What I meant, was that while the Yadif2X and IVTC filters are GREAT for certain films and medias, they don't seem very intelligent at all for media with very unstable progessive frames, like old movies or certain very-high-quality CGI films. If there was a way to mix the Yadif2X and IVTC filters together for better predictiveness of progressive B- and P-frames, that would work completely for those films. If that ever works out, I would simply recommend calling it Yadif+IVTC.
As the author of VLC's IVTC, I agree it's not very intelligent :P
It should be slightly more accurate than Transcode's and Xine's IVTC filters (since it selectively combines both approaches, and on top of that supports soft telecine), but it still works on a full-frame basis. It was designed to work primarily with anime, which has more difficult motion characteristics than live-action film, due to the common use of 8fps and 12fps animation in the telecined stream. This may limit its effectiveness for some other kinds of material.
The technical reason is that the possibility of 8fps and 12fps animation causes limitations as to how the filter can make its predictions about the telecine sequence. In such material it is a common occurence that nothing moves between two film frames, so we cannot assume that motion always occurs when the film frame changes. Of course, the placement of the film frames within the input stream is a priori unknown, so they must be detected somehow (this is called locking on to the cadence).
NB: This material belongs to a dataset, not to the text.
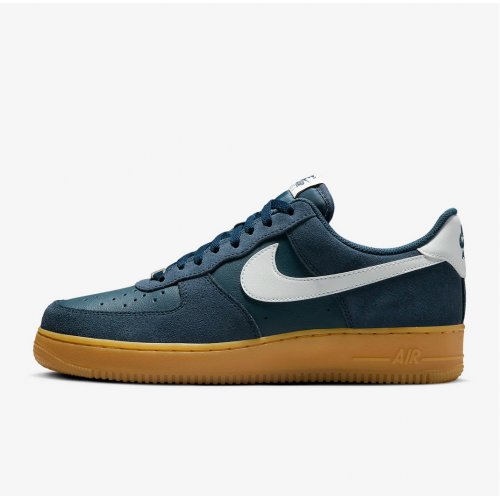 Nike Air Force 1 '07 LV8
But the only thing the filter sees on its input side is the telecined stream, which has no useful flags to help the filter... hence, realtime analysis of the actual picture.
Over 99% of anime is hard-telecined, based on a full-frame telecine. Thus, the filter works pretty well for the kind of material it was designed for. However, I've seen one case of anime ending credits (Claymore) where the left half of the picture (having the actual credits scroll) was pure interlaced, while the right half of the picture was made of telecined animation. The full-frame approach obviously fails with such material. Also, according to 100fps.com, some NTSC music videos liberally mix telecined and interlaced material in different parts of the same frame.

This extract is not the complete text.